Cette augmentation du prix des produits pétroliers résulte, notamment, des dispositions du décret N° 274 PR/MPH du 21 mai 2015 portant réglémentation de la Commission nationale des prix des produits pétroliers en République Gabonaise.
Pour l’essence : le prix réseau ( Stations-services) est de 620 francs CFA le litre et le prix hors réseaux (les industriels) est de 640 F CFA le litre. Le Gasoil est vendu respectivement à 575 F CFA le litre pour le prix réseau et 605 F CFA le litre pour le prix hors réseaux.

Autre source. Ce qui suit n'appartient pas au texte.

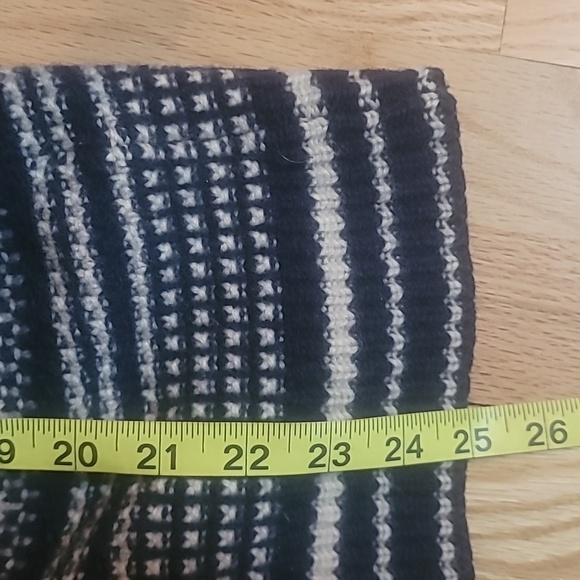 Madewell 100% merino wool blue off white button front cardigan size M ski winter - Picture 12 of 15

La bouteille de gaz butane de 12,5 kilogrammes coûte 5450 F CFA (inchangé). Le pétrole lampant à 275 F CFA le litre (inchangé) et le pétrole industriel à 375 F CFA le litre.
La dernière augmentation du prix du carburant date de février 2018 : Le litre de l’essence coûtait 620 FCFA le litre à la station service contre 605 FCFA entre décembre 2017 et janvier 2018.
Le gasoil était proposé à 560 FCFA contre 470 FCFA en décembre 2017. En revanche les prix du Gaz butane (5 450 FCFA), du pétrole lampant (275 FCFA) n’avaient pas changé.
Rappelons que l’augmentation continue du prix du carburant est consécutive à une décision du gouvernement gabonais prise le 29 janvier 2015 de supprimer les subventions de l’essence et du gasoil et de libéraliser l’importation de ces produits. Ces subventions qui se chiffraient à environ 200 milliards de FCFA par an permettaient de stabiliser les prix du carburant à la pompe. Libreville avait décidé de mettre fin à ces subventions sous l’impulsion de la Banque mondiale.
Ainsi, les prix des produits pétroliers à la pompe sont à présent annexés aux cours mondiaux du pétrole brut. Une situation que les consommateurs ne comprennent pas puisque le Gabon est un pays producteur de pétrole et doté d’une raffinerie.